With the time running out on its legislative session, the Pennsylvania state legislature has yet to act on funding their Fiscal Year 2017 budget, leaving in limbo the future of online gaming and/or poker in the state in limbo. As of yet, however, the members of the legislature haven’t exactly tipped their hands as to what will happen in the next few weeks.

If you’ll recall, the Pennsylvania General Assembly passed a $31.8 million budget in June, but didn’t include a way to pay for the said budget. The budget, which sat on Governor Tom Wolf’s desk for the maximum time allowed under Pennsylvania law, was missing one key component, however:  how to go about paying for everything. The discussion for that issue was tabled until the fall session of the General Assembly, which is coming up in the next few weeks.

According to the legislative calendar for the Keystone State, there are exactly three more sessions where legislative duties will be completed. Those are the following time frames:

September 26-28
October 17-19
October 24-26

At some point during the three sessions, the discussion for how the state will pay for the current Fiscal Year’s budget will come up, at which point the discussion of whether online gaming and poker – which was left in the last budget discussions before now – will have its greatest chances of being passed.

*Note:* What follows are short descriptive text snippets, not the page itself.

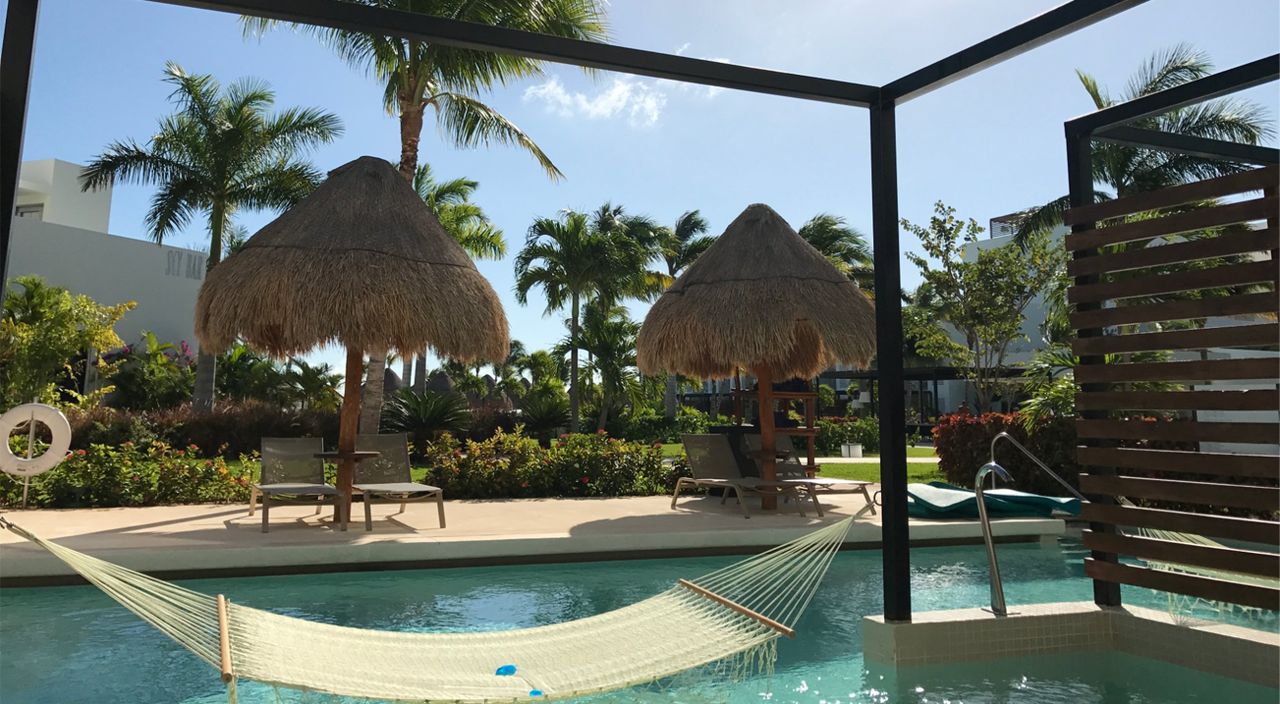 Finest Playa Mujeres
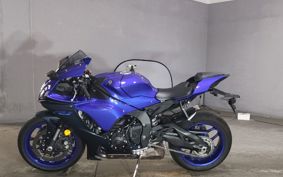 YAMAHA YZF-R1 2024 RN65J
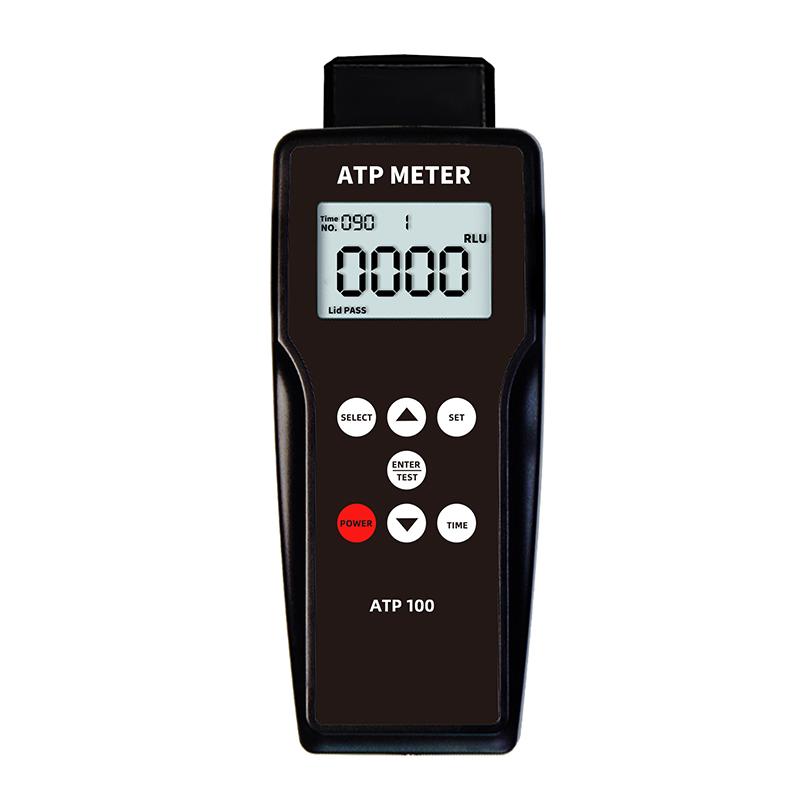 兰泰 ATP-100 ATP荧光细菌检测仪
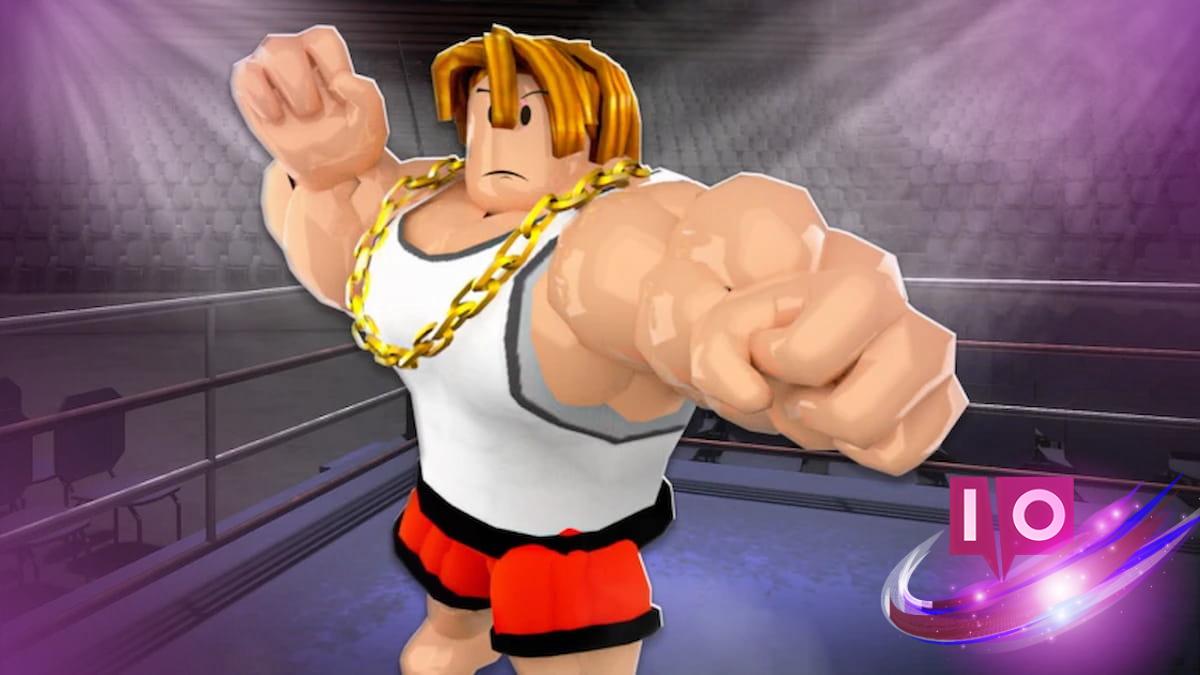 Train to Fight Codes for May 2025: Unlock the Best Rewards!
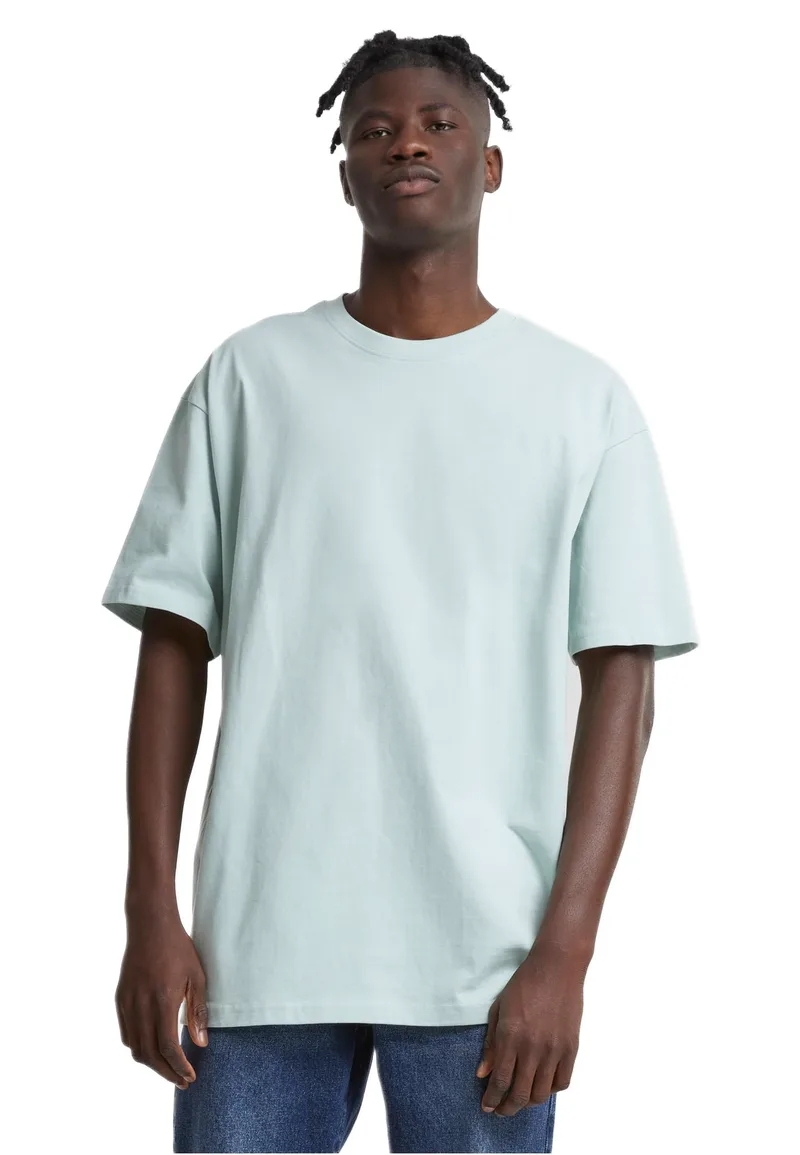 Heavy Oversized T-Shirt Urban Classics TB1778 frostmint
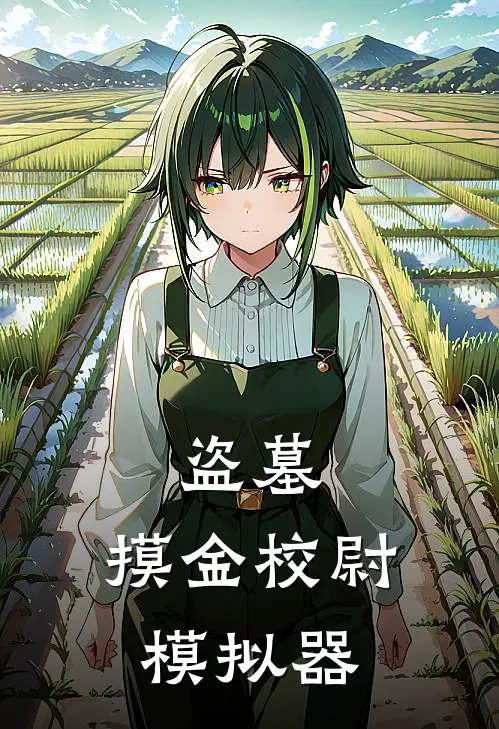 盗墓：摸金校尉模拟器叶豪大胖免费小说完结_最新章节列表盗墓：摸金校尉模拟器(叶豪大胖)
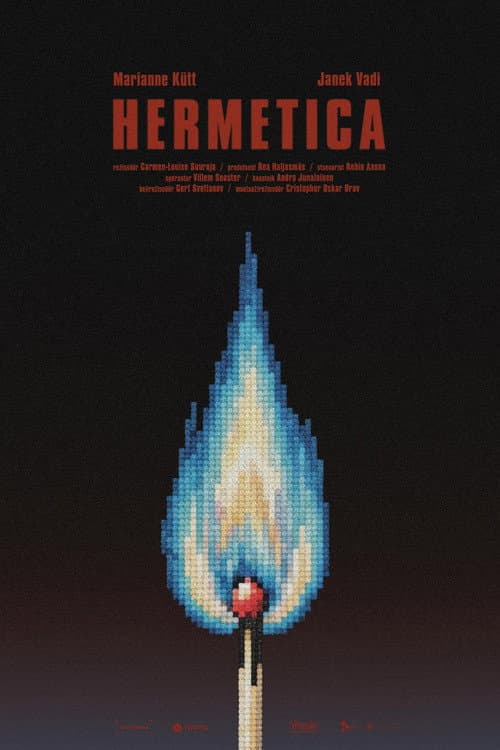 Hermetica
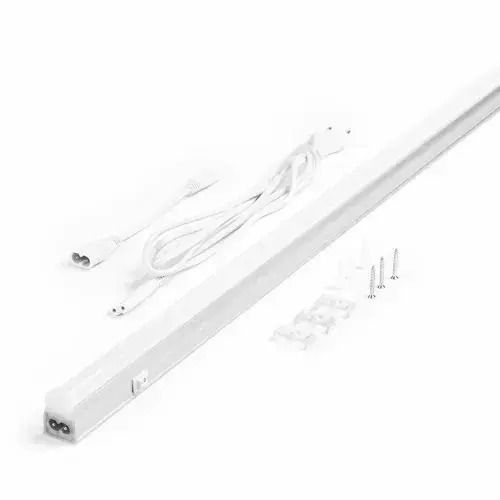 LED Лампа За Под Шкаф Hi Lite Wien 3651809 Димируема 3-степенно Затъмняване 89см 1500 Лм 14w Енергиен A+ 4000k Бял Превключвател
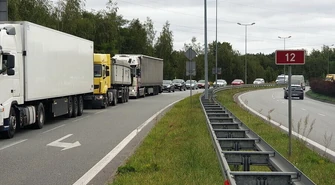 Lepiej omijajcie Rakowską. Ruszył remont [ZDJĘCIA]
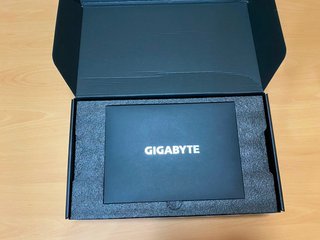 Gigabyte RTX 3070 GAMING OC 8GB GDDR6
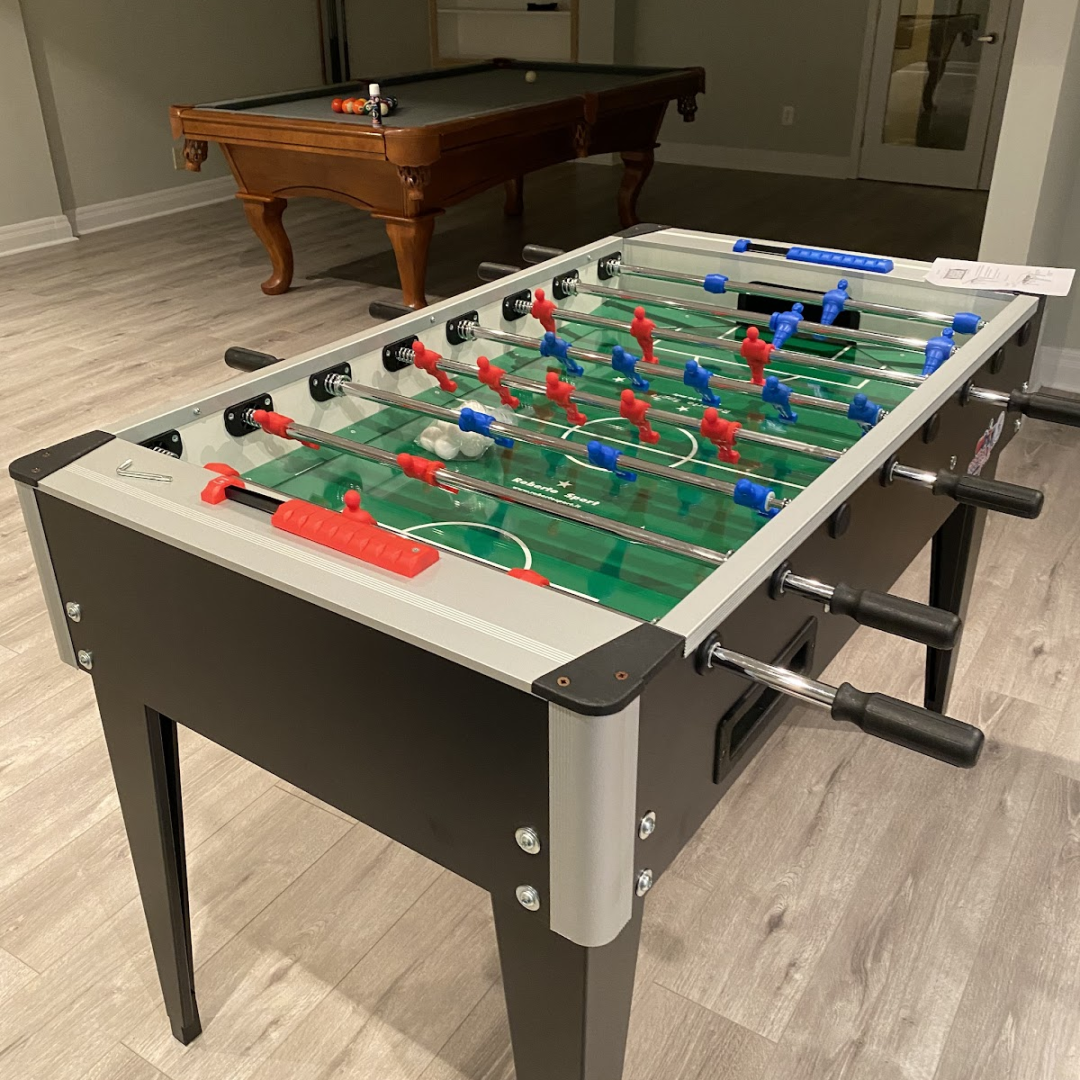 Roberto Sport Home College Soccer Gitoni Table - Image 9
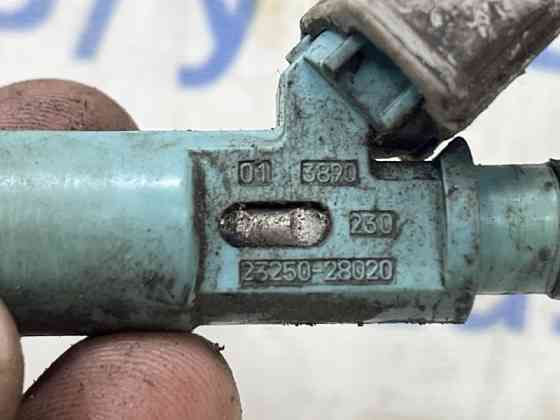 Форсунка топливная Toyota Camry 2001-2006 23209-28020 (Арт. 81694) Київ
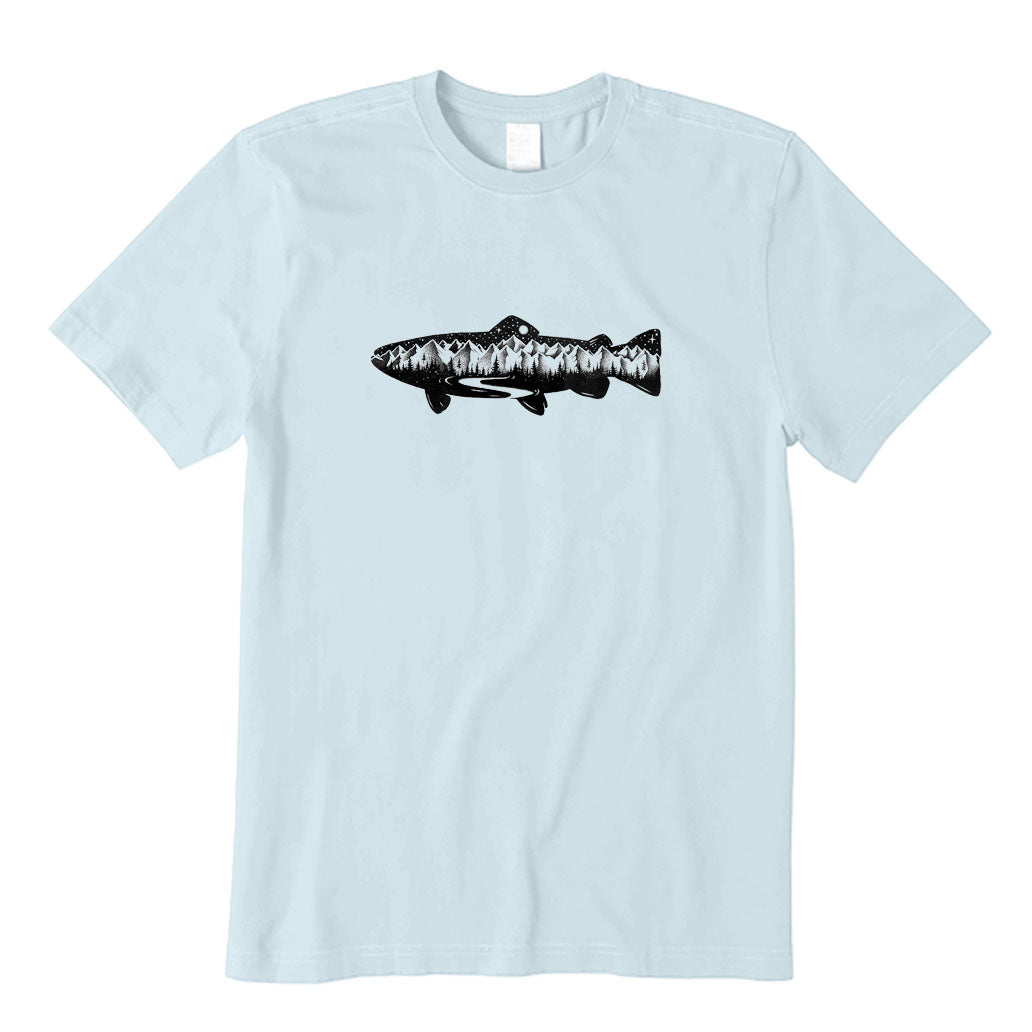 Mountain Trout T-Shirt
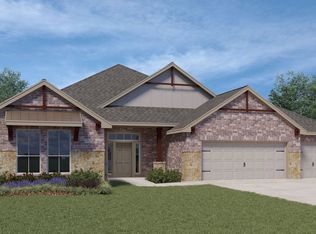 1684 Meadow Crest Dr, Salado, TX 76571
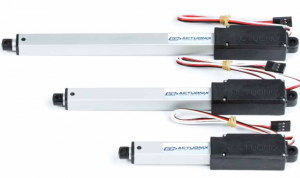 servo-linear-actuator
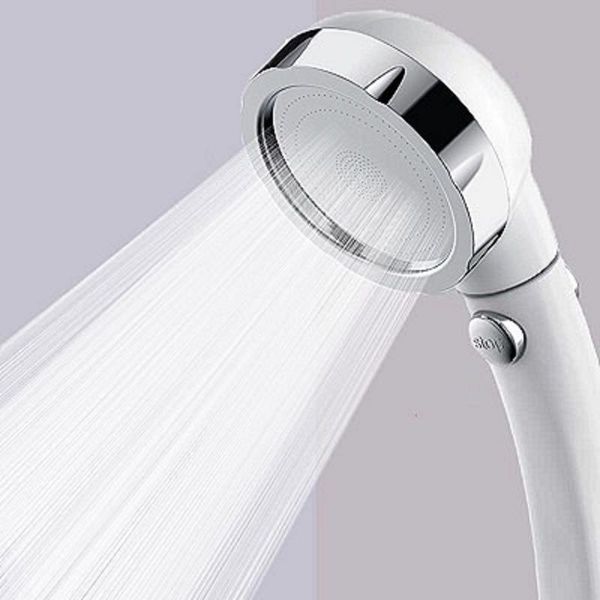 千家树洗澡增压花洒喷头淋浴家用通用莲蓬头软管套装手持水龙头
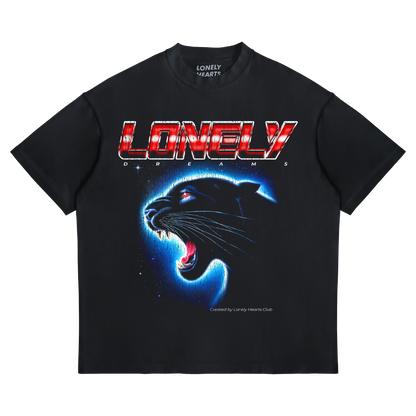 Lonely Dreams Premium T-Shirt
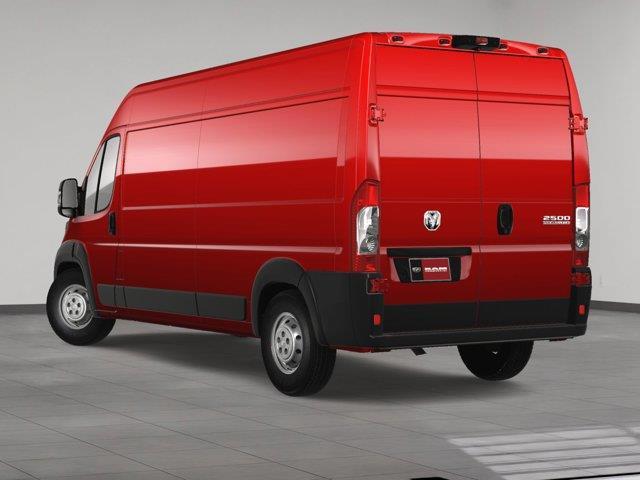 new 2025 Ram ProMaster 2500 car, priced at $51,607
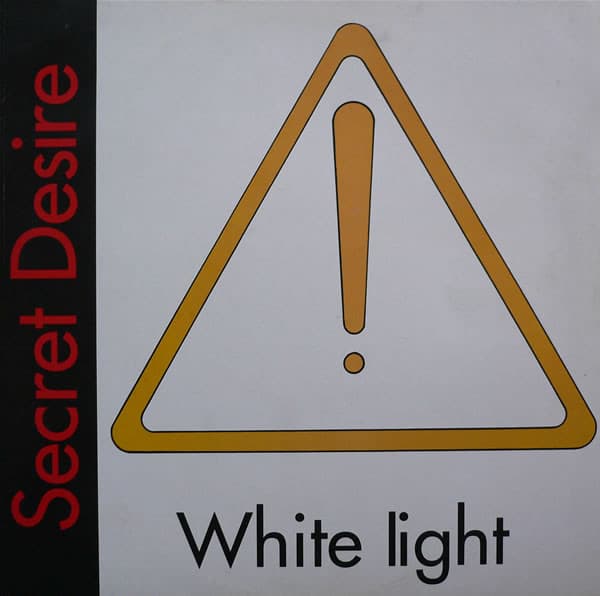 White Light / Anna Lies
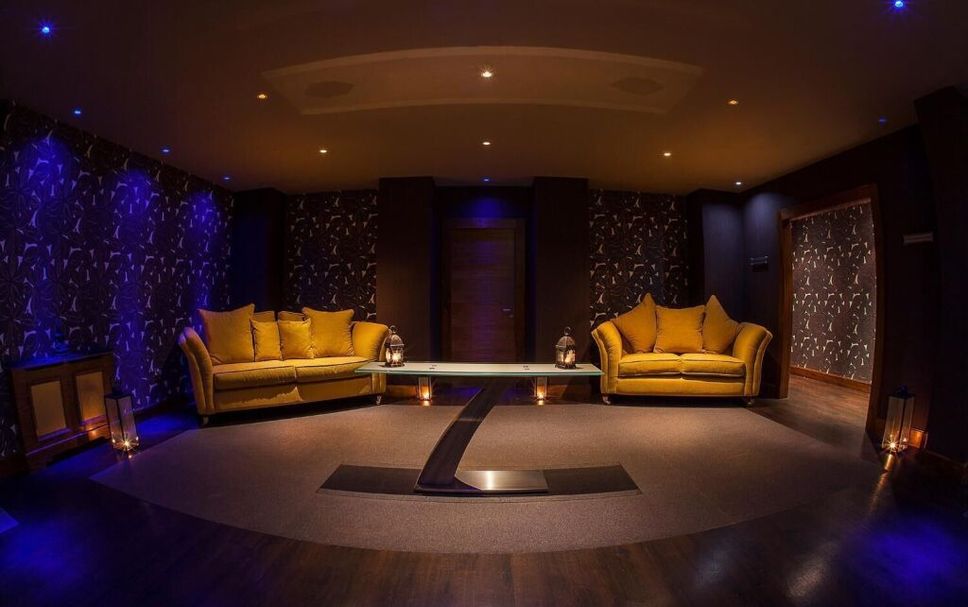 Balai Menunggu Gambar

There are several options that face legislators regarding the proposed online gaming and poker regulation. They could pass the current spending package “as is,” which would automatically push through the bill and make Pennsylvania the fourth state to regulate online gaming and poker. There is some discussion, however, that some members of the Senate are not pleased with some of the caveats of the online gaming bill – which has in the past included discussion of slot machines in airports and video gaming – which could force renegotiation of the gaming bill.

Then there is the other potential facing the legislature. Pennsylvania legislators have already added to taxes on alcohol and have also started a tax on online spending, such as for Netflix, music downloads or books. But those taxes alone will not get the state to entirely fund their $31 billion budget. There are other methods that might get passed instead of online gaming, methods that, even in an unfriendly tax increase environment (as which exists in the General Assembly, a Republican-dominated body), may be considered before increasing the amount of gambling in the state.

The state could increase the sales tax by as little as a half a percent (from 6% to 6.5%) and find every bit of the money that is necessary for funding the shortfall that currently exists in the budget discussions, which is slightly more than $300 million. The state could also cut the budget (even though it has been signed into law by Wolf) or decide not to fund certain segments of the government as “non-essential” entities. There is also very little discussion as to who the supporters of online gaming and poker are in the State Senate.

On Tuesday, the state’s citizens (and those in the industry) will get some clue with a hearing being held by the Pennsylvania House Gaming Oversight Committee and its chairman, Representative John Payne. Payne was integral to getting the House to pass online gaming regulations before the “summer break” and it is thought that the hearing will help the Senate be able to pass regulation. The hearing will focus on what has occurred in other states that have passed online gaming regulations and fantasy sports regulation and how it could be beneficial to the state of Pennsylvania. That hearing, which will start at 9AM on September 27, will be key to seeing what the current temperature is of online gaming and poker regulation for the state.